A mounted VeraCrypt volume is exposed to a multitude of attack vectors including vulnerabilities of the host system. Hence, any volume-access scenario exceeds the protection envelope of VeraCrypt. The development practices and the resulting code quality of VeraCrypt are a cause for concern. Therefore, we cannot recommend VeraCrypt for sensitive data and persons or applications with high security requirements. We recommend to execute similar security assessments also for future versions of the software

NVD - CVE-2019-19501 (nist.gov)

VeraCrypt 1.24 allows Local Privilege Escalation during execution of VeraCryptExpander.exe.

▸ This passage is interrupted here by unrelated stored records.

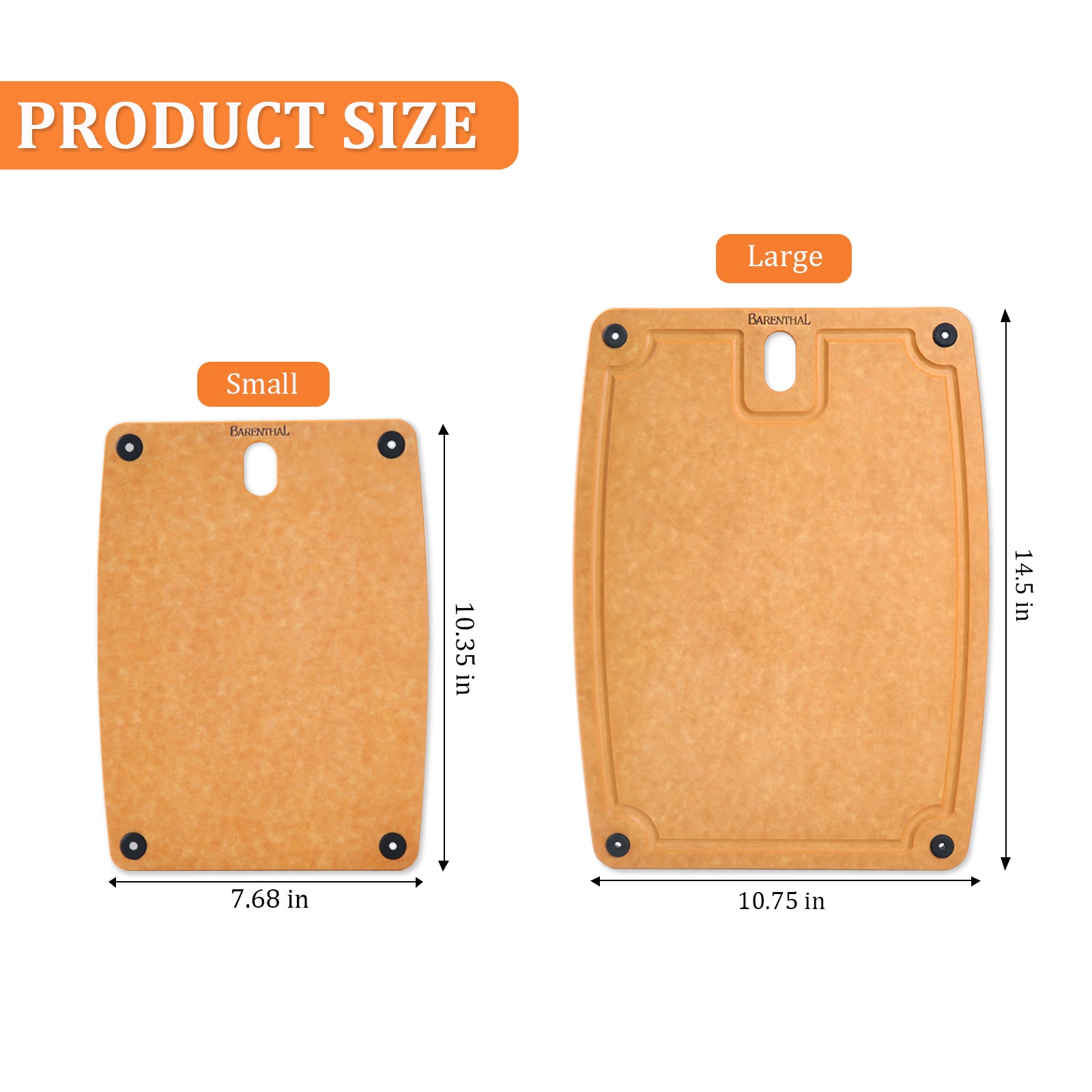 Barenthal 2-pack eco composite cutting boards, showing cutting surface and thickness, durable kitchen food prep tools.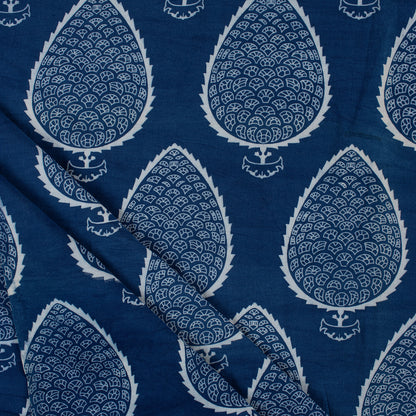 Leaf Hand Block Printed Indigo Fabric Online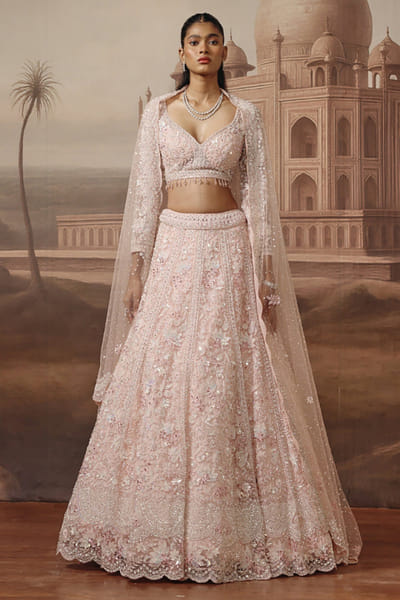 soft pink sequin embroidered lehenga set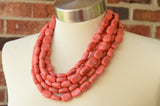 Pink Black Faux Howlite Lucite Beaded Multi Strand Chunky Statement Necklace - Lauren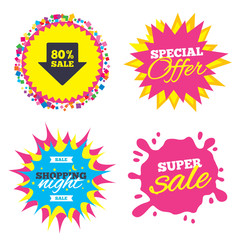 80 percent sale arrow tag sign icon.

Does that mean VeraCrypt should be avoided. NO! But it people need to realize it has vulnerabilities too.

I say once again, BitLocker is just another layer of security. It is not perfect and not a panacea. Nor did Microsoft ever intend or market it as a perfect solution.

Now I see no point in discussing this further. People can do their research and they can easily verify the truth - if they care to know it - and weed out the falsehoods. Time to move on.

 

[lexluthermiester]

And as usual, you post falsehoods because YOU FAILED to verify your facts before posting and just expect others to automatically believe you because you said it! A simple 10 seconds with Google shows:

VeraCrypt audit reveals attacker treasure trove of critical flaws

Context:

Written by Charlie Osborne, Contributing Writer Oct. 19, 2016 at 2:55 a.m. PT

Hmm..

Security Evaluation of VeraCrypt


NVD - CVE-2019-19501 (nist.gov)

2019 & 2020

ALL of these problems have been solved but, key point, ALL 4 of those problems and one other that you missed where extremely difficult to execute but again, in case you missed it, have been solved. They are easily solvable because, TAA DAA, VeraCrypt does NOT require hardware. It protects software and data stored ON hardware, but does not require any dedicated hardware to operate and do so effectively.

Hmmm...

I'm out, this is like trying trying to have a conversation with Osmium...

 

[R-T-B]

You don't realize this, but you are all varying degrees of correct on the points that matter and basically arguing over trivial crap that doesn't.

I think productive conversation has ceased.